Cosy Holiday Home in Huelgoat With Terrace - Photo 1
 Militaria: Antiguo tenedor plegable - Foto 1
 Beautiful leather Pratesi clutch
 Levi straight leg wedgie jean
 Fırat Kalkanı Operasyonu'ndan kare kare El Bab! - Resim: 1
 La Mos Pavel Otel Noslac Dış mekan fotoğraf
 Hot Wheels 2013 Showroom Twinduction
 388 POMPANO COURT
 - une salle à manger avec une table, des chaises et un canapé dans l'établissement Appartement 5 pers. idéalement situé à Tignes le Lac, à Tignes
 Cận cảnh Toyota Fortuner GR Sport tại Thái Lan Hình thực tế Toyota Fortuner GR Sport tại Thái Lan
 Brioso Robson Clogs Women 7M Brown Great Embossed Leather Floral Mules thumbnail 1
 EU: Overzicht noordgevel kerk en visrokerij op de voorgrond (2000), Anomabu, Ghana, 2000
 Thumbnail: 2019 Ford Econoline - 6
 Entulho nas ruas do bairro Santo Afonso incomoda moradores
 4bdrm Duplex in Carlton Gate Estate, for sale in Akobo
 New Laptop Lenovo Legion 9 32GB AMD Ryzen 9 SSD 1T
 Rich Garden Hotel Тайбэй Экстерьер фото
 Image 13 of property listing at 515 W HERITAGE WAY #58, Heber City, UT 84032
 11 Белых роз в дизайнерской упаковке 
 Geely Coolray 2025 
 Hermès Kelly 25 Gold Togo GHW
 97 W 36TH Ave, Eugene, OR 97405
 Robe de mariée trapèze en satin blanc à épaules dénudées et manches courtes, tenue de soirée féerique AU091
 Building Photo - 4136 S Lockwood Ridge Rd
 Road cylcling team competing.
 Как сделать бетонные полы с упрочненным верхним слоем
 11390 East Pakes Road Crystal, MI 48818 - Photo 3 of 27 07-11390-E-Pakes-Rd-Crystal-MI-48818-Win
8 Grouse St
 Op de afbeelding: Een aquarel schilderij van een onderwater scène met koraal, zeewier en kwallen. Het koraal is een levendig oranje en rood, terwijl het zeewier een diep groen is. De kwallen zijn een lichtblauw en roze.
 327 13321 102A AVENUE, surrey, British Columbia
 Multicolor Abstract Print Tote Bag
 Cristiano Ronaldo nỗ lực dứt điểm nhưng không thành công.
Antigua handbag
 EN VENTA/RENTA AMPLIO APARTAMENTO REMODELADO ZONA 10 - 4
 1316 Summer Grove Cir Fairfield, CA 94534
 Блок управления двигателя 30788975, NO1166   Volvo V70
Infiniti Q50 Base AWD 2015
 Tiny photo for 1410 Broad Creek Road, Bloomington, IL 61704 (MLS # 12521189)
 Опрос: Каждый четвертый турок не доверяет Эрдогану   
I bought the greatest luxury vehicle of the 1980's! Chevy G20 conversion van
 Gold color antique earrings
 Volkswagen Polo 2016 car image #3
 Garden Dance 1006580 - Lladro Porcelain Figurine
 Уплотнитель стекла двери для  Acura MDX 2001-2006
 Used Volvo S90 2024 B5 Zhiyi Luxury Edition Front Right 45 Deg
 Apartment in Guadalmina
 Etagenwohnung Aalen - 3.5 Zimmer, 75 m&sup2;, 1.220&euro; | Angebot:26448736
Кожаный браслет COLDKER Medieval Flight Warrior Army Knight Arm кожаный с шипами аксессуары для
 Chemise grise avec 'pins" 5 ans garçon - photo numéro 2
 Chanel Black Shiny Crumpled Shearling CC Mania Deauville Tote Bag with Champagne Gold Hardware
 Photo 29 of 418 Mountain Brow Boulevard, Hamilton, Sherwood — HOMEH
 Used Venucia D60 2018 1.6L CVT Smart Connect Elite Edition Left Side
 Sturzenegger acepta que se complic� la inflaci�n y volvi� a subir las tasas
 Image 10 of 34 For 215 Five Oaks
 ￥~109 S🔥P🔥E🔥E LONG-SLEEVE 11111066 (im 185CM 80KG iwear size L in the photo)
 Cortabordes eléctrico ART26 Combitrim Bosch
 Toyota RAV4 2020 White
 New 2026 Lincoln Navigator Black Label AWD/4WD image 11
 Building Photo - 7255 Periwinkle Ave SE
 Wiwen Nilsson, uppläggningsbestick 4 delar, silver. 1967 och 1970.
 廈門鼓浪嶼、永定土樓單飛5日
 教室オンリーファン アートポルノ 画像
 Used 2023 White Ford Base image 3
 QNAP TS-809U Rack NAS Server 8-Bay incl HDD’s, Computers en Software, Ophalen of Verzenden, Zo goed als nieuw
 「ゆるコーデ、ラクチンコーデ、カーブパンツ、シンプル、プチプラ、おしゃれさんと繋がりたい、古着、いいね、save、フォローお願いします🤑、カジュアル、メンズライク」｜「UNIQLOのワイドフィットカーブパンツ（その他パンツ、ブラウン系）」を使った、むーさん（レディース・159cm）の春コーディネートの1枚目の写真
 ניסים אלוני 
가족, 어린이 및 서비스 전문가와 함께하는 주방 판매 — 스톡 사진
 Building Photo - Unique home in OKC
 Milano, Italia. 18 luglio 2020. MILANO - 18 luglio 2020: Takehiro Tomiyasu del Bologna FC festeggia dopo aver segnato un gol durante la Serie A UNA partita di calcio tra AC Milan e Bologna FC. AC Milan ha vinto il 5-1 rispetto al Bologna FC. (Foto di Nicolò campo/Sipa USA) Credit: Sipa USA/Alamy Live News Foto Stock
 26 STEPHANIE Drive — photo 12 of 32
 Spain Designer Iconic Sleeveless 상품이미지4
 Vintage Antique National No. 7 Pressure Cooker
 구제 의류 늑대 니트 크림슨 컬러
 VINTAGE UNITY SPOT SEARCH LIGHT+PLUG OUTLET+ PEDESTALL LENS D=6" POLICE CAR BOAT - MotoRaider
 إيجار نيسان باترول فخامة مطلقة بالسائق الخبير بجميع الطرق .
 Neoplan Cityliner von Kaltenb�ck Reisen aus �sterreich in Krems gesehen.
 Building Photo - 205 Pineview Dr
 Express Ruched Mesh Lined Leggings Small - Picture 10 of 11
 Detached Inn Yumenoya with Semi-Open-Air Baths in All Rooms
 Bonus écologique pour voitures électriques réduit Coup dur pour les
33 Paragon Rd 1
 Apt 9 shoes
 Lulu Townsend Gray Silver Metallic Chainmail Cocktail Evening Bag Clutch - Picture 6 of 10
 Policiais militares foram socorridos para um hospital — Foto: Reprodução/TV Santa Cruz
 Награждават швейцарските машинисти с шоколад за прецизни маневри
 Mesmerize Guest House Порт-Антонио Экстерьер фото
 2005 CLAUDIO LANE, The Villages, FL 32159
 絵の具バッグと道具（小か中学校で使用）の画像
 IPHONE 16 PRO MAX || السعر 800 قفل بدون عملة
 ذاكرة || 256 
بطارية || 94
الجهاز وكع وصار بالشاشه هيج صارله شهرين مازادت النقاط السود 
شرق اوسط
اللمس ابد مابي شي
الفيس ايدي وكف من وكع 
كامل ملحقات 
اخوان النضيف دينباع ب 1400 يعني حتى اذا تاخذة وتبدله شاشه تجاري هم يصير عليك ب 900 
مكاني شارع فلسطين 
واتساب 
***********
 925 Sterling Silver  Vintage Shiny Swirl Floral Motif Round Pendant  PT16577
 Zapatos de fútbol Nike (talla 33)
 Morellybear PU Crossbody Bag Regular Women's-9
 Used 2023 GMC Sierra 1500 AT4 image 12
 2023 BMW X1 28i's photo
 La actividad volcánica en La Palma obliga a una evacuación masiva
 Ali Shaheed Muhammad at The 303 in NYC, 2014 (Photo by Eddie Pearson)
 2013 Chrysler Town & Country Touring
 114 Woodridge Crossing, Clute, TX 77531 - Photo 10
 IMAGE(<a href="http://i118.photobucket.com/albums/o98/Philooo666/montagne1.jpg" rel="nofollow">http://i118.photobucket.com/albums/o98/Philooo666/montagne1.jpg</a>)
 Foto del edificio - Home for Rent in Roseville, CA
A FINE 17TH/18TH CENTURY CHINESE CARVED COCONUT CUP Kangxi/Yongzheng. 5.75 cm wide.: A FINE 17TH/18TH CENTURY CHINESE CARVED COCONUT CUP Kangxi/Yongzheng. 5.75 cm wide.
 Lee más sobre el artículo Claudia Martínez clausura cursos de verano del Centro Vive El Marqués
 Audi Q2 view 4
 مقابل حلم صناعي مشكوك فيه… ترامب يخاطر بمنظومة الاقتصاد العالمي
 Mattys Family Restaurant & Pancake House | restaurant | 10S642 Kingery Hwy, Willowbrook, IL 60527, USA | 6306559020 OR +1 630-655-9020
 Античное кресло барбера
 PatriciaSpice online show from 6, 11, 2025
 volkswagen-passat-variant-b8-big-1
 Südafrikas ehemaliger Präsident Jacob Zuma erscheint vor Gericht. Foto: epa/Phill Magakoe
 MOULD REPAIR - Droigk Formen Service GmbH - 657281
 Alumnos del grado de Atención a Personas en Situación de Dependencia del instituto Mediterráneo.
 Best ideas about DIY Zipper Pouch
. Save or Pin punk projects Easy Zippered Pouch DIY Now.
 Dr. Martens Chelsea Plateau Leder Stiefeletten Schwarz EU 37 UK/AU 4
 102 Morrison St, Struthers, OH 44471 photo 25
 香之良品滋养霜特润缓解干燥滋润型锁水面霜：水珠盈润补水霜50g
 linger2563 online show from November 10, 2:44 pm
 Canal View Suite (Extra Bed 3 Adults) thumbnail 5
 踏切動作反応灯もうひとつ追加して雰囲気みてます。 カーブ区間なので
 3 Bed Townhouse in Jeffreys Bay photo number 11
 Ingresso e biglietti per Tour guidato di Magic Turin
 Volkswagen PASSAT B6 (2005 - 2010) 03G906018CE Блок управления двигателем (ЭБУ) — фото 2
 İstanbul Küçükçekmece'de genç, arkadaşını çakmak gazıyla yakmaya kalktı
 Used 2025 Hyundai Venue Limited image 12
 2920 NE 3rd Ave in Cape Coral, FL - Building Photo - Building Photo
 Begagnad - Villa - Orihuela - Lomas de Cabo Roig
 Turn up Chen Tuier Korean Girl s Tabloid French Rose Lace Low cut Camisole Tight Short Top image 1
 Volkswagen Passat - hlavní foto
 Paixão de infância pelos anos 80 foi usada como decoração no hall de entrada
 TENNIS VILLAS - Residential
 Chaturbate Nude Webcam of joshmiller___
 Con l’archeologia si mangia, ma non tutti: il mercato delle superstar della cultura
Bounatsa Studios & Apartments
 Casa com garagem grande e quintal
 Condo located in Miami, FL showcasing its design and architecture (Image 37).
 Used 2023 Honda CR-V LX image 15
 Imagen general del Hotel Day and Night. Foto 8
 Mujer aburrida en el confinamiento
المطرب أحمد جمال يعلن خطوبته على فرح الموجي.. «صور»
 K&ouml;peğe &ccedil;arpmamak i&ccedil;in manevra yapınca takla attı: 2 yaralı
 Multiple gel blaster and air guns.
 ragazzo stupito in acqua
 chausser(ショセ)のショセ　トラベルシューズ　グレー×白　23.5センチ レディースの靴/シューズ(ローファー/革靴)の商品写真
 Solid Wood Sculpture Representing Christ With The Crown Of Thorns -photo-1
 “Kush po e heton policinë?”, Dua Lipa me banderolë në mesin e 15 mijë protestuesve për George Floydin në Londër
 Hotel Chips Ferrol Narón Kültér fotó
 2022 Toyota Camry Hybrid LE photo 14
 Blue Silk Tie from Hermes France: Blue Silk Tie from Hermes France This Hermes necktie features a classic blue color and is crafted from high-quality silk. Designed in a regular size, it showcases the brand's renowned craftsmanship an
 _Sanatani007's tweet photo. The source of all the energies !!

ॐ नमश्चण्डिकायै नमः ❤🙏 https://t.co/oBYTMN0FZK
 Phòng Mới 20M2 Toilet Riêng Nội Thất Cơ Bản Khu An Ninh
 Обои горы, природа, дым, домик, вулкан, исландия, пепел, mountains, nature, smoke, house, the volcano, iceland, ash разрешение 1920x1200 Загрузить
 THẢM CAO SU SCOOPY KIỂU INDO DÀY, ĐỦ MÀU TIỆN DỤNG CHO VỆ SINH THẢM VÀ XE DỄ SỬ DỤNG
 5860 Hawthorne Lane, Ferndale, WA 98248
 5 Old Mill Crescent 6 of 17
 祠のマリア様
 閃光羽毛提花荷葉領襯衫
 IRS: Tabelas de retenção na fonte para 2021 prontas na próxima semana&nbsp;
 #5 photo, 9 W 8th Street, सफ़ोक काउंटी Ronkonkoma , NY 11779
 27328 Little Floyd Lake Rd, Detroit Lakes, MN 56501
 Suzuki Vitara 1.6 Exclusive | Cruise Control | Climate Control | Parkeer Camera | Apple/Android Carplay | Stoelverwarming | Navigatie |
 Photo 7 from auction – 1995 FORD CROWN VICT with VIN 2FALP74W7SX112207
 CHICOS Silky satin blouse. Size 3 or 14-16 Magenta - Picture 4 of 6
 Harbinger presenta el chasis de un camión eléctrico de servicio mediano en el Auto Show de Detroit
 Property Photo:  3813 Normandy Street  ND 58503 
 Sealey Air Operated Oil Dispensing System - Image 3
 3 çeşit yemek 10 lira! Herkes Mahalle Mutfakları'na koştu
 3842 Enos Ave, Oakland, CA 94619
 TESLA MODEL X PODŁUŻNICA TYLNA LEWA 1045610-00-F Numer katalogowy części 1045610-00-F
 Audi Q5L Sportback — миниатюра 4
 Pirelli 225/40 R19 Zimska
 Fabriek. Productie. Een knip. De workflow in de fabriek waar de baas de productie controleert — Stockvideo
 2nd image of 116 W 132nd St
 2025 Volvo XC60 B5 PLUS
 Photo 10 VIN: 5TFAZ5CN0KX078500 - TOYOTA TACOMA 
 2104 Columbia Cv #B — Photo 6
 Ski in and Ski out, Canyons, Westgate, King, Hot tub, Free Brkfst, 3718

-- -- --

> **Your task**
Write out exactly the lines that fall from the line with "Apartment in Guadalmina" to the line with "New 2026 Lincoln" in the records above, keeping both ends.

> **Problem solution**
 Apartment in Guadalmina
 Etagenwohnung Aalen - 3.5 Zimmer, 75 m&sup2;, 1.220&euro; | Angebot:26448736
Кожаный браслет COLDKER Medieval Flight Warrior Army Knight Arm кожаный с шипами аксессуары для
 Chemise grise avec 'pins" 5 ans garçon - photo numéro 2
 Chanel Black Shiny Crumpled Shearling CC Mania Deauville Tote Bag with Champagne Gold Hardware
 Photo 29 of 418 Mountain Brow Boulevard, Hamilton, Sherwood — HOMEH
 Used Venucia D60 2018 1.6L CVT Smart Connect Elite Edition Left Side
 Sturzenegger acepta que se complic� la inflaci�n y volvi� a subir las tasas
 Image 10 of 34 For 215 Five Oaks
 ￥~109 S🔥P🔥E🔥E LONG-SLEEVE 11111066 (im 185CM 80KG iwear size L in the photo)
 Cortabordes eléctrico ART26 Combitrim Bosch
 Toyota RAV4 2020 White
 New 2026 Lincoln Navigator Black Label AWD/4WD image 11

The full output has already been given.